Jonge vink in winterkleed
De vink (Fringilla coelebs) is een zangvogel. In de lage landen is hij de bekendste en meest frequent voorkomende vinkachtige. Zijn zang, waarvan de laatste tonen de "vinkenslag" wordt genoemd, kent vele dialecten.

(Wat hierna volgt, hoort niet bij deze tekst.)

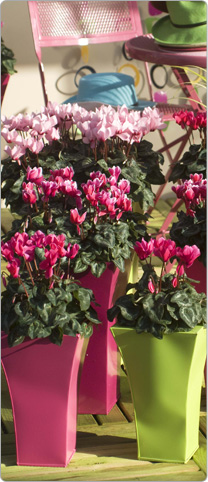 Midi Tianis® cyclamen, 3 Rose, 5 FANTASIA® Rose, 3 Rose with eye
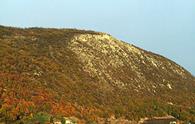 Bernadia (Monte)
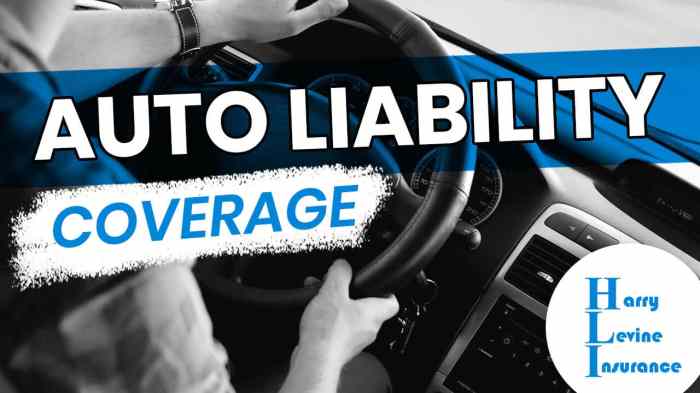 Liability infographics infographicszone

De vink broedt van half april tot juli. Nesten van deze "randbroeder" vindt men op verschillende hoogtes aan de rand van een bos, open plek of weg. De broedduur bedraagt 12 - 15 dagen. Hoofdzakelijk broedt het ♀, dat soms door het ♂ gevoerd wordt, vanaf het laatste ei. Beide vogels verzorgen de jongen, die het nest na 13 – 14 dagen verlaten, waarna ze nog enige tijd gevoerd worden. Meestal 2 legsels per jaar.
De vink is een van de talrijkste trekvogels. Trekrichting is west tot zuidwest richting Europa, Noord-Afrika en het Midden-Oosten, met stuwing aan de kust. Om in Engeland, of Ierland te overwinteren steken ze de Noordzee rechtstreeks over of bij Cap Gris Nez. Najaarstrek is van september tot december. Voorjaarstrek begint in februari en gaat door tot mei. Veel hangt af van de breedtegraad en het weer.
De vink is een dagtrekker, en vliegt vooral in de vroege ochtenduren. Sommige vinken zijn standvogels. Hun slag is anders dan bij trekkende soortgenoten en wordt "bogaardzang" of "Vlaamse zang" genoemd.